Se doute-t-on aujourd’hui qu’un autre poète, au commencement de ce siècle, balança la gloire de Victor Hugo et eut des obsèques aussi splendides ? Il ne fut pas porté sous l’arc de triomphe, et pour cause ; mais il fut exposé dans une salle du collège de France, sur un lit de parade, ou, pendant plusieurs jours, la foule défila devant ce mort illustre, la figure légèrement peinte, le front couronné de lauriers. Le jour où de l’église de Saint-Etienne-du-Mont on porta le cercueil au Père-Lachaise, les rues étaient pleines de monde, les fenêtres garnies de spectateurs. Les membres de l’institut, les professeurs du collège de France, les savants, les artistes suivaient recueillis. Un corbillard magnifique avait été préparé ; les étudiants se firent un honneur de porter le corps de leur maître. Le drap mortuaire était tenu par le comte Regnaud de Saint-Jean-d’Angély, président de la seconde classe de l’institut, le comte de Ségur, grand-maître des cérémonies, le chevalier Delambre, secrétaire perpétuel de l’académie des sciences, et l’évêque de Casal, Velloret, chancelier de l’université. Regnaud, Delambre, Arnault, de l’académie française, et un étudiant en droit, Le Dieu, célèbrent le génie qui vient de disparaître, vantent ses talents et promettent l’éternité à son nom.

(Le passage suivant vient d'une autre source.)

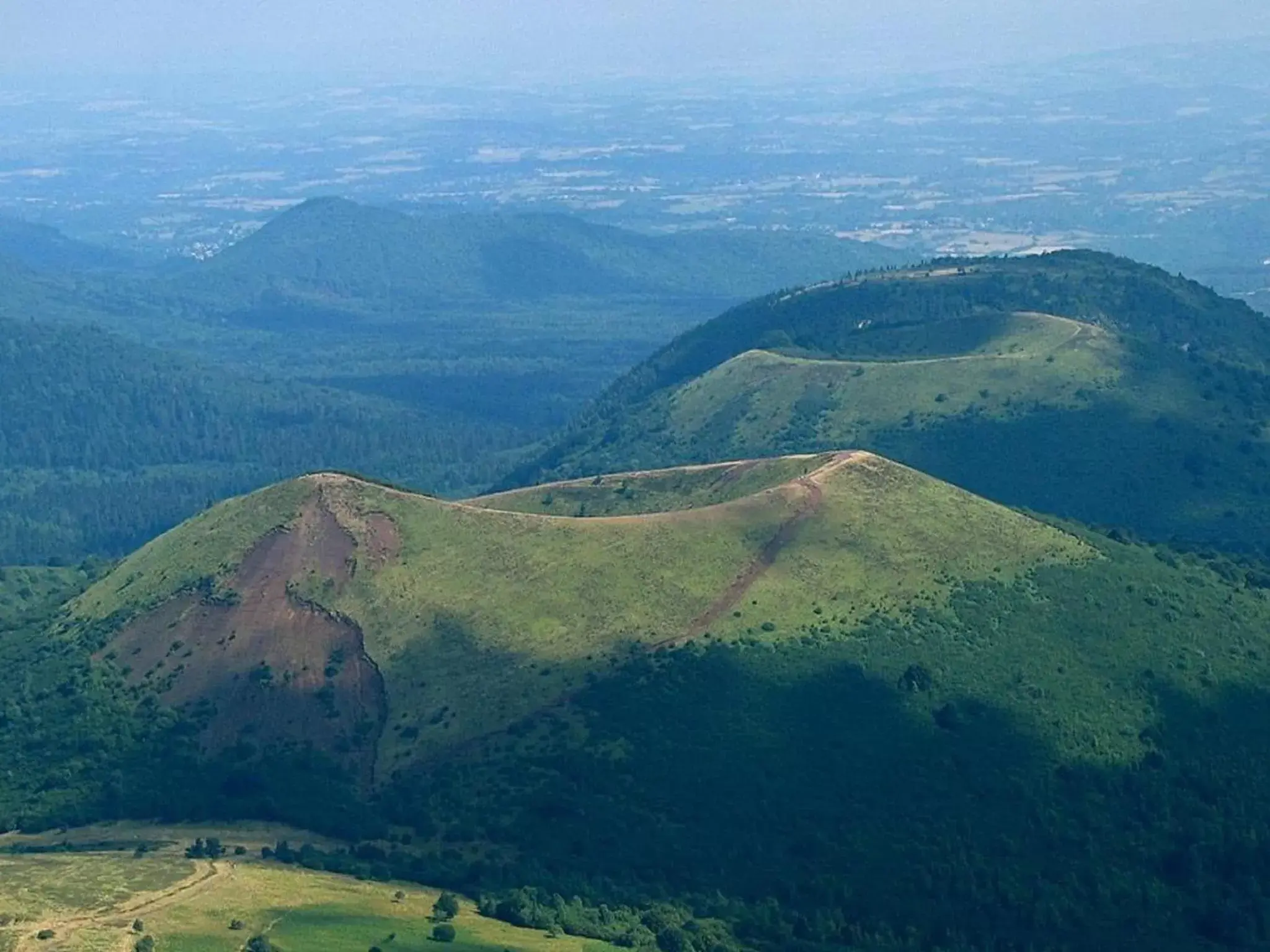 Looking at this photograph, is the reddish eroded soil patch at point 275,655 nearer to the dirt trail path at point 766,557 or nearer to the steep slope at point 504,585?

Mes amis, dites-moi combien d’heures encore
Doit durer son éternité.
Ce poète qui, quelques vingt ans auparavant (1786), faisant un voyage à Metz, à Pont-à-Mousson, à Strasbourg, était reçu dans chaque ville par les gouverneurs, par les colonels à la tête de leurs régiments, par les maréchaux de Contades et de Stainville ; lui-même commandant les petites guerres, satisfaction qui a manqué à Victor Hugo, malgré son fameux képi de garde national, l’auteur ainsi glorifié, idole des lettrés, engouement de la foule, était, devinez ? était Jacques Delille, l’abbé Delille.
Je voudrais dire quelques mots de ce versificateur trop vanté, trop oublié.
Qu’on ne s’attende pas toutefois à une critique littéraire, à une appréciation de son œuvre ; tout cela a étè dit et bien dit ; mais il y a quelques points peu connus de son existence, même après les encyclopédies biographiques, après le Grand dictionnaire des personnages historiques, nés dans le Puy-de-Dôme, par M. Ambroise Tardieu l’historiographe de l’Auvergne, surtout comme abbé de Saint-Séverin.

*
* *
Jacques Delille est né en Auvergne, à Riom, disent certains biographes, à Aigueperse, répètent la plupart des Dictionnaires, à Clermont-Ferrand, la patrie de Domat, de Pascal... et de Thomas. Un mystère entoure son berceau. Les registres de la paroisse de Notre-Dame-du-Port contiennent l’acte de baptême (22 juin 1738), de « Jacques, fils naturel d’Antoine Montanier, avocat au parlement, et de Marie-Hiéronyme Bérard, né le dit jour, à 6 heures du soir ». Le prénom de Jacques lui fut donné par son parrain Jacques Uscalde et par sa marraine Madeleine Monatte, tous deux domestiques du curé. Il était né à six heures du soir chez l’accoucheur Blancheton, rue de l’Ecu, d’après les renseignements qu’a bien voulu nous communiquer M.A. Vernière, ex-président de l’académie de Clennont ; il fut immédiatement porté à cette église qui pourtant n’était pas celle de sa paroisse. Pourquoi ? et d’où vient une telle hâte ? L’acte dit que l’aveu de paternité est du 27 mai précédent, « laquelle déclaration est entre les mains de M. le curé ». Antoine Montanier était fils de François Montanier, conseiller de son altesse sérénissime Mgr le duc d’Orléans, et procureur général au bailliage et duché-pairie de Montpensier, et de Quintienne Bernard, demeurant à Aigueperse.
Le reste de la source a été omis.